É aplaudido de pé, e pelos vinte minutos seguintes autografará uma pilha de The Accidental President of Brazil, além de posar para dezenas de fotos de celular. Sorri em todas, mas desiste de arrumar o cabelo, que a essa altura adquiriu vida própria. Consulta a agenda numa brecha: das 19 horas e 30 minutos às 21 hora, jantar na casa de McLarty.

Às 21 horas e 30 minutos, quinze horas depois de sair do seu quarto em Providence, FHC é deixado na porta do hotel. Faz seu próprio check-in.

Às 8 horas e 45 minutos, estava a postos para o vôo Delta com destino a Atlanta, com conexão às 15 horas para Raleigh Durham, na Carolina do Norte. Desta vez, bilhete de executiva. O avião pousou às 11 horas em Atlanta, sem atrasos, o que significaria quatro horas de espera. Fernando Henrique buscou uma área tranqüila para rever seus papéis e fazer emendas na conferência programada para dali a dois dias, na Universidade da Carolina do Norte, em Chapel Hill. Sentou-se ao lado de uma senhora que folheava a revista People e chupava um picolé. Meia hora depois atinou que, se era executiva, então dava direito a sala VIP. "E eu sofrendo no meio do povo à toa", deduz, recolhendo seus papéis à pasta.

Às 13 horas e 30 minutos, sai em busca de um restaurante, sempre espantado com a quantidade de gente, com a obesidade generalizada, com o excesso de tudo. Ao avistar dois assentos vazios no balcão de um bar, instala-se antes que sejam ocupados. Acima de sua cabeça, há três TVs ligadas em três canais diferentes, um deles de rap. "Este é um país muito barulhento", constata, quase gritando para ser ouvido. Sua salada Caesar lhe chega direto da geladeira, envolta em celofane. Ele ajuda com Coca light.

Anima-se com o compromisso em Chapel Hill, onde estará em um de seus ambientes naturais. Suas reminiscências se dividem entre a vida acadêmica - que trata com seriedade - e a vida política - de que gosta, embora tente disfarçar com doses de ironia.

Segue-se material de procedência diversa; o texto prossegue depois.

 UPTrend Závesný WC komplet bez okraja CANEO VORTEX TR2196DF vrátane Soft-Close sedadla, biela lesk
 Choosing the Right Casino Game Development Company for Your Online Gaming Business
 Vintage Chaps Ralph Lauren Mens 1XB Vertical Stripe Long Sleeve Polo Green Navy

"O melhor professor que tive no Brasil foi o Antonio Candido. As aulas, impecáveis, começavam e terminavam no horário, sem um minuto a mais ou a menos. Um raciocínio límpido, extraordinário. Candido é meu amigo, a ligação dele com o PT jamais foi um entrave. Nunca tive problemas com pessoas que discordaram de mim politicamente. Roberto Schwarz é meu amigo, esteve em casa outro dia mesmo. Agora, quando a divergência escorrega para o terreno pessoal, aí eu me desaponto. Quando dizem que fiz isso ou aquilo em busca de vantagem pessoal, acho imperdoável. Foi por isso que acabei me afastando de dois amigos - e só de dois: o Chico de Oliveira e a Maria da Conceição Tavares", disse, referindo-se ao sociólogo que foi seu colega no Cebrap e à economista filiada ao PT.

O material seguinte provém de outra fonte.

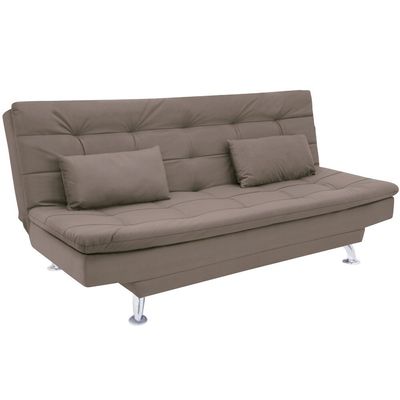 Sofá-Cama 1,90 Metros Linoforte Melissa, Suede Veludo, Espuma D-33 bege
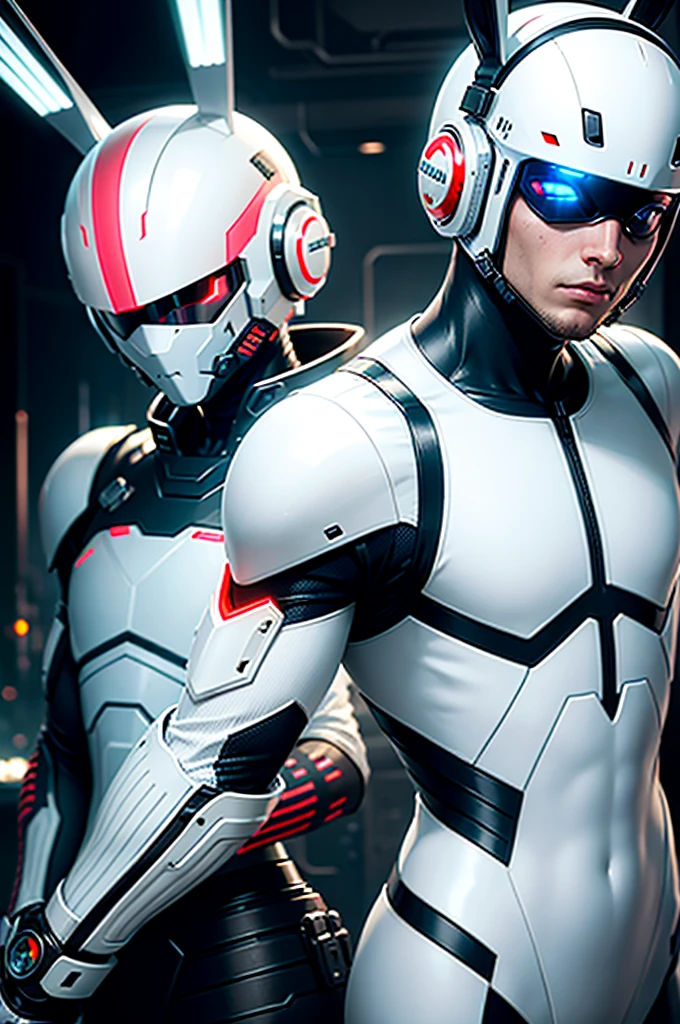 Realistic white combat android in advanced cyber suit with cyberpunk technological helmet and visor with metal rabbit ears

FHC sai em defesa de seu sucessor quando o tema são ataques pessoais. "Não acredito que Lula tenha práticas de enriquecimento pessoal", diz. "O que há é que ele é um pouco leniente. O partido ajuda daqui, ajuda dali e ele vai deixando, acha que é normal. No fundo, não há nada de muito grave nisso. Mas era melhor dizer: fulano me ajudou a comprar o apartamento, o partido me deu tal dinheiro. Lula não pensa em dinheiro. Ele gosta do poder, e gosta da vida boa." É semelhante sua opinião sobre José Genoino e José Dirceu: "Genoino não é desonesto, Dirceu também não. Dirceu é outra coisa..." Sorri. Espera o raciocínio se completar: "Dirceu é o Putin que fracassou".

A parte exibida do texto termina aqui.